▸ WHAT YOU WILL DO: Exactly the lines from the one that holds "Marivant brochure builder: vessels" to the end of the data below: retype these and nothing else.

(Records drawn from a dataset)

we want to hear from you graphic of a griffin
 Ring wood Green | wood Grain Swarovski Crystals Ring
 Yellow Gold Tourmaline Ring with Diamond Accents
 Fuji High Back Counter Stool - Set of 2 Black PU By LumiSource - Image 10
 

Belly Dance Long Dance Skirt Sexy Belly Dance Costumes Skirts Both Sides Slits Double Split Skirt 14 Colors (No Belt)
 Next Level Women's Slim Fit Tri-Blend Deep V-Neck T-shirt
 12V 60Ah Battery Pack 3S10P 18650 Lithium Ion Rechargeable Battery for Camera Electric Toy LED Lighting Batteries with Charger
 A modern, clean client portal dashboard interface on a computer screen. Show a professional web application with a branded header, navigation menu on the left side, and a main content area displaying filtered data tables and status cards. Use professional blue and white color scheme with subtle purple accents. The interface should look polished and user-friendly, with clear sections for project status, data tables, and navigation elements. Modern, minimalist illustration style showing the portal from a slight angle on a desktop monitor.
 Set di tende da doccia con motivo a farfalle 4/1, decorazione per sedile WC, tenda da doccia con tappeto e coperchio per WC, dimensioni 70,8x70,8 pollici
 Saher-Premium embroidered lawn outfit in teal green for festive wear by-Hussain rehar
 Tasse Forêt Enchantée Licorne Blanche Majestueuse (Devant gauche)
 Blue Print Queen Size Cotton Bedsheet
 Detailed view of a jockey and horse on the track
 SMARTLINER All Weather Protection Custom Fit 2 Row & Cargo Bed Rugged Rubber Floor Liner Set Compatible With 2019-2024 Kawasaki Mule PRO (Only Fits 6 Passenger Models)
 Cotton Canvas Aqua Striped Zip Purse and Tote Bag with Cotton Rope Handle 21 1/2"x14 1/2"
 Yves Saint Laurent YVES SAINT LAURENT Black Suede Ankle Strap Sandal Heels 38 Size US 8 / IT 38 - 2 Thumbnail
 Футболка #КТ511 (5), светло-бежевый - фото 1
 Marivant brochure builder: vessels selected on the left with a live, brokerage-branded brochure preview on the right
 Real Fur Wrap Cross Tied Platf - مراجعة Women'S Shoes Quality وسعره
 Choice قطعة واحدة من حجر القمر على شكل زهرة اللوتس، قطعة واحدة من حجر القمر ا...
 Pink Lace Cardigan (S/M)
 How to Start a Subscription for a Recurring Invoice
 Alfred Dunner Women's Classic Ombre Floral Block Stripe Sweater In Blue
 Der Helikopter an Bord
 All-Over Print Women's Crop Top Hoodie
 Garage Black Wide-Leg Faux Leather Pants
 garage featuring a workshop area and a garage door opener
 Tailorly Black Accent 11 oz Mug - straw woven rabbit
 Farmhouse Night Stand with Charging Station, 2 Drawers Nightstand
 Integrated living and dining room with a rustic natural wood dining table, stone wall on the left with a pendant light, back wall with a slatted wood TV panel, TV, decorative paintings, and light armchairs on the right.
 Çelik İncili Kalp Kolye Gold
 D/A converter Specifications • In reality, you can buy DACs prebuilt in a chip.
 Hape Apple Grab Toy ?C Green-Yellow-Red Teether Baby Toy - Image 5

▸ FINISHED EXERCISE:
 Marivant brochure builder: vessels selected on the left with a live, brokerage-branded brochure preview on the right
 Real Fur Wrap Cross Tied Platf - مراجعة Women'S Shoes Quality وسعره
 Choice قطعة واحدة من حجر القمر على شكل زهرة اللوتس، قطعة واحدة من حجر القمر ا...
 Pink Lace Cardigan (S/M)
 How to Start a Subscription for a Recurring Invoice
 Alfred Dunner Women's Classic Ombre Floral Block Stripe Sweater In Blue
 Der Helikopter an Bord
 All-Over Print Women's Crop Top Hoodie
 Garage Black Wide-Leg Faux Leather Pants
 garage featuring a workshop area and a garage door opener
 Tailorly Black Accent 11 oz Mug - straw woven rabbit
 Farmhouse Night Stand with Charging Station, 2 Drawers Nightstand
 Integrated living and dining room with a rustic natural wood dining table, stone wall on the left with a pendant light, back wall with a slatted wood TV panel, TV, decorative paintings, and light armchairs on the right.
 Çelik İncili Kalp Kolye Gold
 D/A converter Specifications • In reality, you can buy DACs prebuilt in a chip.
 Hape Apple Grab Toy ?C Green-Yellow-Red Teether Baby Toy - Image 5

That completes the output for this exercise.